Tether is almost always the crypto coin of choice for fraudsters involved in pig butchering across the world, said Erin West, deputy district attorney at Santa Clara county, specializing in cybercrime. Criminals use Tether because the cryptocurrency is tied to the value of the U.S. dollar: when criminals move massive amount of funds, they don’t want to incur the risks of volatility that comes with cryptocurrency like Bitcoin, Ethereum or even privacy coins such as Monero and ZCash. “What they really want to do is just move money, and Tether enables them to move money without value fluctuation and maintain the value of the stolen funds,” she told ISMG.
The cryptocurrency also has lower transaction fees, and the perception among bad actors is Tether transactions made on the Tron blockchain are harder to trace compared to Bitcoin, said Ari Redbord, global head of policy and government affairs at TRM Labs. “There is also a network of brokers located across Asia and globally that convert USDT for fiat allowing North Korea and other cybercriminals to off-ramp funds even in the wake of increased compliance at large global exchanges,” he said – referring to Tether by its acronym.

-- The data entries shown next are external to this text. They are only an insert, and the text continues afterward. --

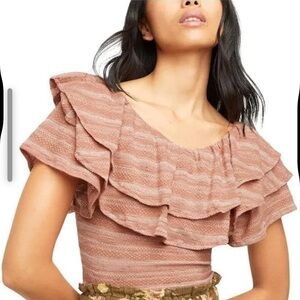 Free People Heirloom Tiered Ruffle Top Size XS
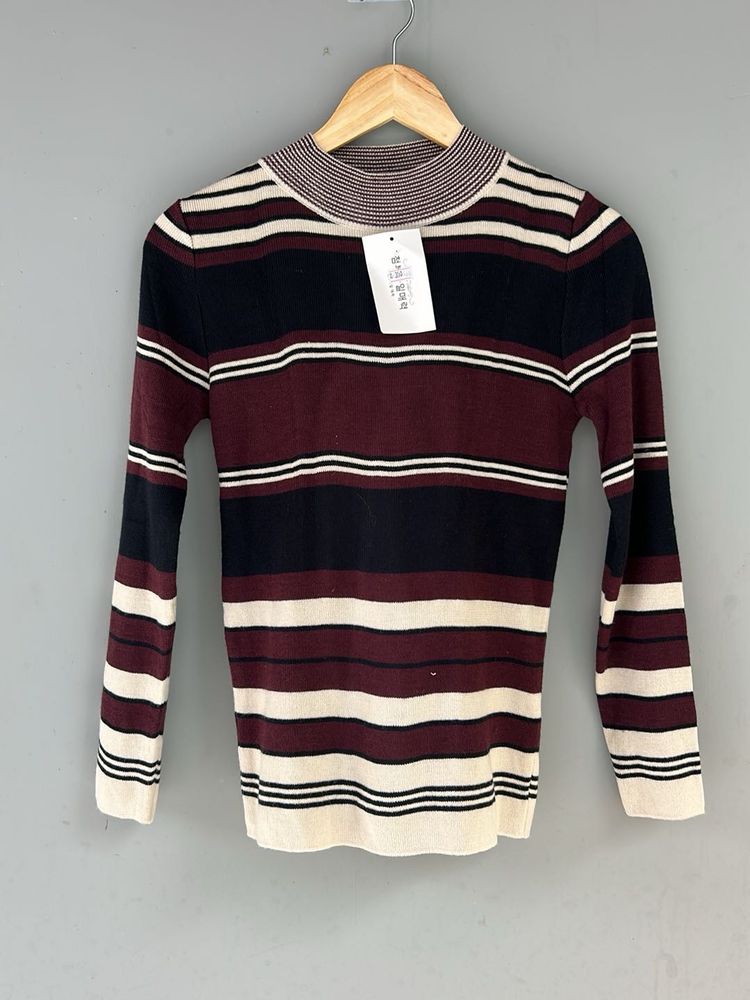 Striped Knit Turtleneck Top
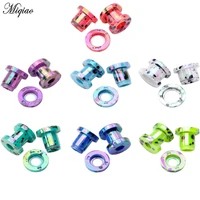 miqiao 2 pcs 2 12mm acrylic spotted thread hollow channel earrings body piercing plugs and tunnels ear reamer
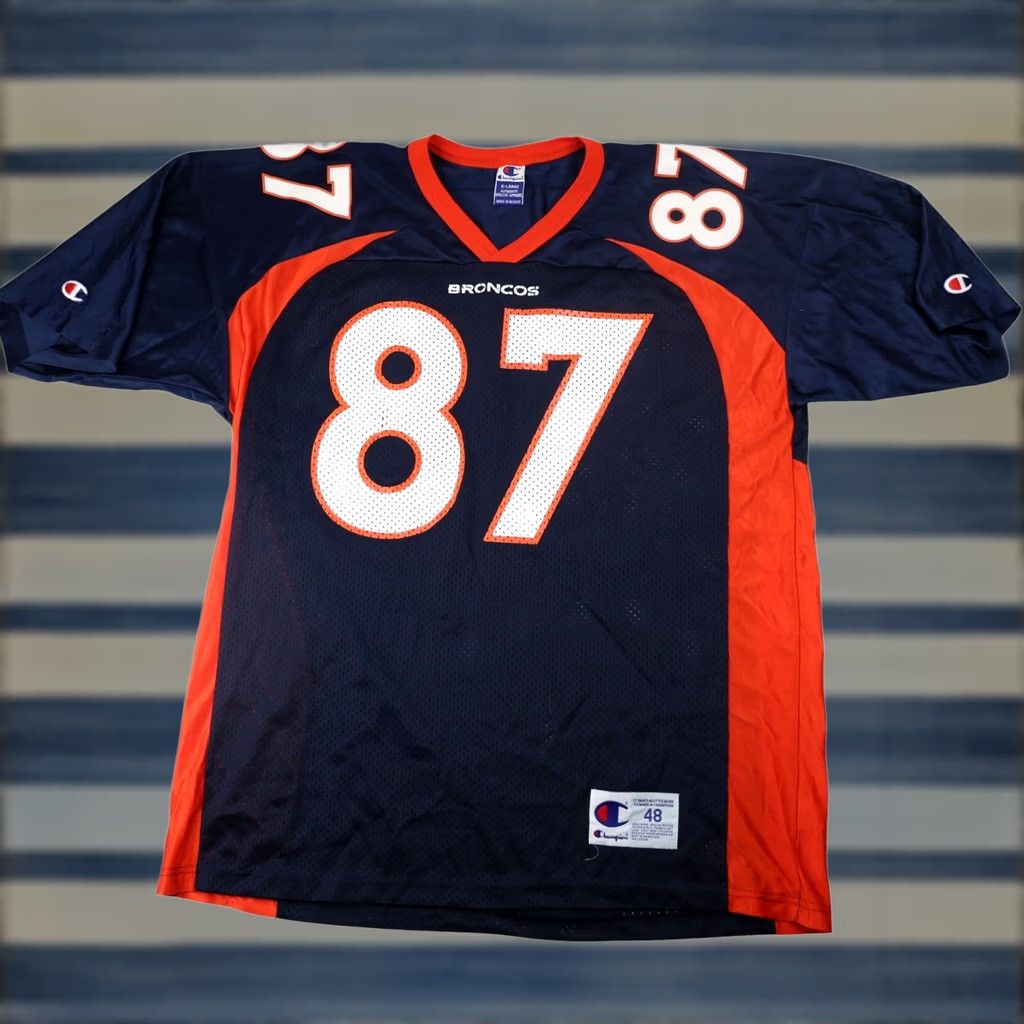 Champion VINTAGE Champion Denver Broncos #87 Ed McCaffrey Mens XL Jersey Blue Size US XL / EU 56 / 4 - 1 Thumbnail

In a response to the UN report, Tether said it is “disappointed” in the UN’s assessment, stating that the organization should have noted “its role in helping developing economies in emerging markets.” Tether collaborates with federal law enforcement and has frozen more than $300 million in the last few months, it said. “The UN’s analysis ignores the traceability of Tether tokens and the proven record Tether has of collaborating with law enforcement.”
Tether itself has already been on the law enforcement and regulatory radar in the past few years. Illicit actors including North Korea and terrorism financiers have recently migrated from bitcoin to other cryptocurrencies, specifically Tether on the Tron blockchain. A TRM Labs study found that Bitcoin was the exclusive currency for terrorist financing in 2016, but by 2022, it was all but replaced by assets on the Tron blockchain.
The U.N. report references several law enforcement agencies operations that have dismantled money laundering networks responsible for moving illicit Tether funds, including an operation by Singaporean authorities last year that recovered $737 million in cash and crypto. Tether in November 2023 froze $225 million of its tokens connected to a pig butchering and human trafficking syndicate in southeast Asia, as the result of an investigation by the United States and crypto exchange OKX.